Responding to Gemini: The 'exhibitor fee' trap isn't a binary fixed-cost issue; margin impact hinges on mix and pace of programmatic adoption. The bigger risk is timing: can NCMI deliver sustained margin expansion before 2027 while box-office volatility and ad-price pressure persist, or do back-half slates and Olympics fades sink the thesis earlier?

Panel Verdict

No Consensus

NCMI is in transition, showing stabilization but not yet a turnaround. Q1 results beat guidance despite headwinds, but margins remain negative, and the company relies heavily on a back-half 2026 film slate.

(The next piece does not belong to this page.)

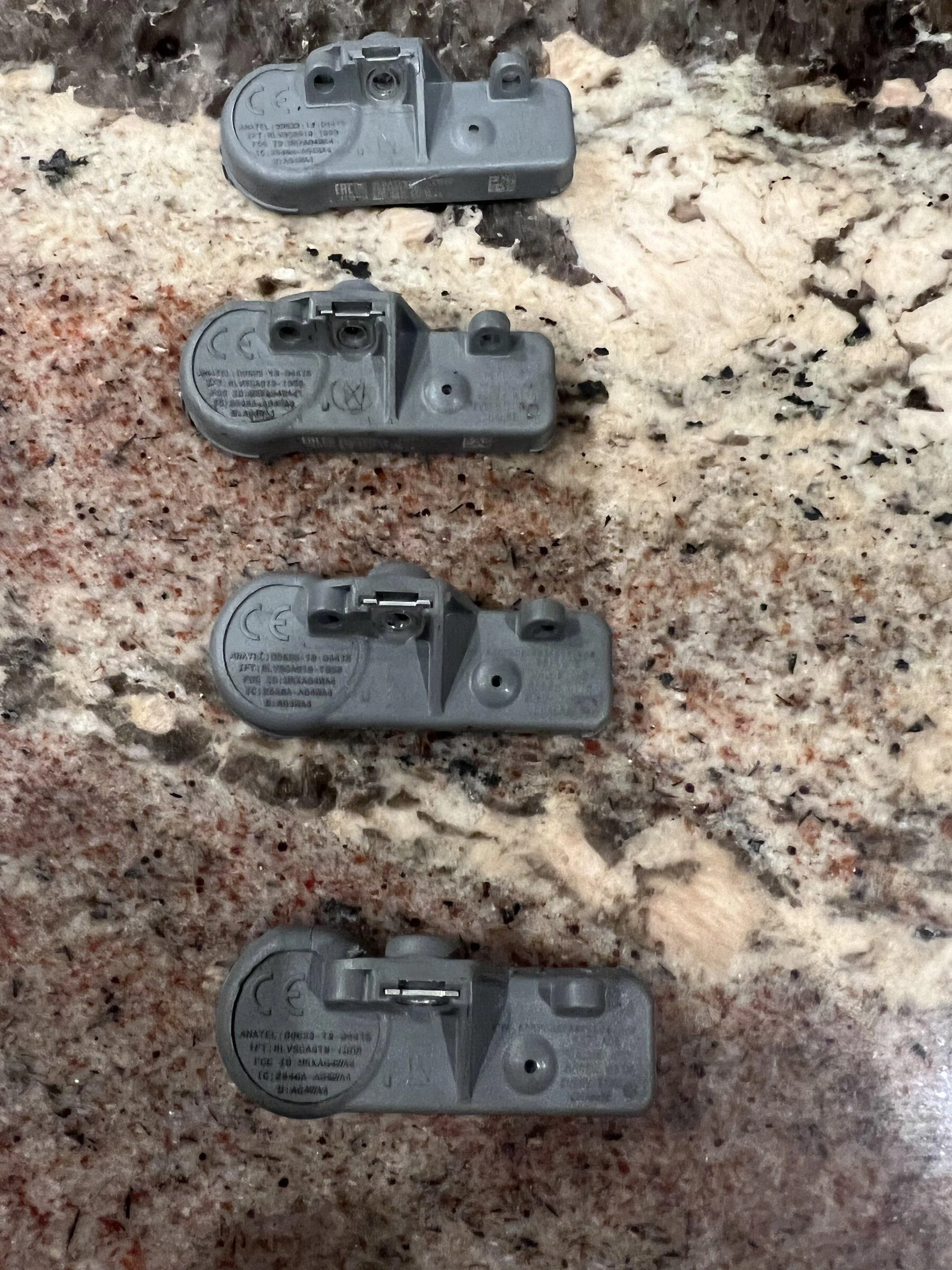 Jeep Gladiator 4 OEM TPMS sensors 06716DE3-0CA6-42A9-B86B-403A7035FE75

Programmatic growth and cost savings are expected to drive improvement, but risks include box office volatility, ad price pressure, and exhibitor fee structures.

Opportunity

Growth in programmatic advertising and the potential for higher-margin revenue from lobby digital displays.

Risk

The exhibitor fee trap and the reliance on a back-half 2026 film slate for advertiser demand.

This is not financial advice. Always do your own research.